The New Zealand Order of Merit is an order of merit in the New Zealand royal honours system. It was established by royal warrant on 30 May 1996 by Elizabeth II, Queen of New Zealand, "for those persons who in any field of endeavour, have rendered meritorious service to the Crown and nation or who have become distinguished by their eminence, talents, contributions or other merits", to recognise outstanding service to the Crown and people of New Zealand in a civil or military capacity.

In the order of precedence, the New Zealand Order of Merit ranks immediately after the Order of New Zealand.

Creation
Prior to 1996, New Zealanders received appointments to various British orders, such as the Order of the Bath, the Order of St Michael and St George, the Order of the British Empire, and the Order of the Companions of Honour, as well as the distinction of Knight Bachelor. The change came about after the Prime Minister's Honours Advisory Committee (1995) was created "to consider and present options and suggestions on the structure of a New Zealand Royal Honours System in New Zealand, which is designed to recognise meritorious service, gallantry and bravery and long service".

Composition

The monarch of New Zealand is the Sovereign of the order and the Governor-General is its Chancellor. Appointments are made at five levels: 
Knight or Dame Grand Companion (GNZM)
Knight or Dame Companion (KNZM or DNZM)
Companion (CNZM)
Officer (ONZM)
Member (MNZM).

From 2000 to 2009, the two highest levels of the Order were Principal Companion (PCNZM) and Distinguished Companion (DCNZM), without the appellation of "Sir" or "Dame".

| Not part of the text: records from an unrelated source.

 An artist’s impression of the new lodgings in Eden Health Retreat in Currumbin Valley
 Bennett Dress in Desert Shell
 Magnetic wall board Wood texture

The number of Knights and Dames Grand Companion (and Principal Companions) is limited to 30 living people. Additionally, new appointments are limited to 15 Knights or Dames Companion, 40 Companions, 80 Officers and 140 Members per year.

As well as the five levels, there are three different types of membership. Ordinary membership is limited to citizens of New Zealand or a Commonwealth realm. "Additional" members, appointed on special occasions, are not counted in the numerical limits. People who are not citizens of a Commonwealth realm are given "Honorary" membership; if they subsequently adopt citizenship of a Commonwealth realm they are eligible for Additional membership.

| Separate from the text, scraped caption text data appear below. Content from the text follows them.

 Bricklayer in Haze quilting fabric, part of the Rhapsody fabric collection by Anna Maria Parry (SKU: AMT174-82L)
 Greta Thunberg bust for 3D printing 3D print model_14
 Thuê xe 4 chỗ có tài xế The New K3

There is also a Secretary and Registrar (the Clerk of the Executive Council) and a Herald (the New Zealand Herald of Arms) of the Order.

Insignia and other distinctions

The Collar, worn only by the Sovereign and Chancellor, comprises "links of the central medallion of the badge" and "S"-shaped Koru, with the Coat of Arms of New Zealand in centre. Hanging from the Coat of Arms is the badge of the Order.
 The Star is an eight-pointed star with each arm bearing a representation of a fern frond, with the Order's badge superimposed in the centre. Grand Companions wear a gold star and Knight Companions wear a silver star.
 The Badge for the three highest classes is a gold and white enamel cross with curved edges bearing at its centre the coat of arms of New Zealand within a green enamel ring bearing the motto For Merit Tohu Hiranga, topped by a royal crown. The badge for Officers and Members is similar, but in silver-gilt and silver respectively. Grand Companions wear the badge on a sash over the right shoulder (though the Governor-General usually wears it as a neck decoration in lieu of the Collar); Knight Companions and Companions wear the badge on a neck ribbon (men) or a bow on the left shoulder (women). Officers and Members wear the badge from a ribbon on the left lapel (men) or a bow on the left shoulder (women).
 The ribbon and sash are plain red ochre.

There also exist miniatures and lapel badges of the five levels of the New Zealand Order of Merit.

Knight/Dames Grand Companion and Knight/Dames Companion are entitled to use the style Sir for males and Dame for females.

The order's statutes grant heraldic privileges to members of the first and second level, who are entitled to have the Order's circlet ("a green circle, edged gold, and inscribed with the Motto of the Order in gold") surrounding their shield. Grand Companions are also entitled to heraldic supporters. The Chancellor is entitled to supporters and a representation of the Collar of the Order around his/her shield.

Office holders
 Sovereign: Charles III
 Chancellor and Principal Dame Grand Companion: The Governor-General, Dame Cindy Kiro (21 October 2021)
 Secretary and Registrar: Rachel Hayward (28 November 2022)
 Herald: Phillip O'Shea  (23 September 1996)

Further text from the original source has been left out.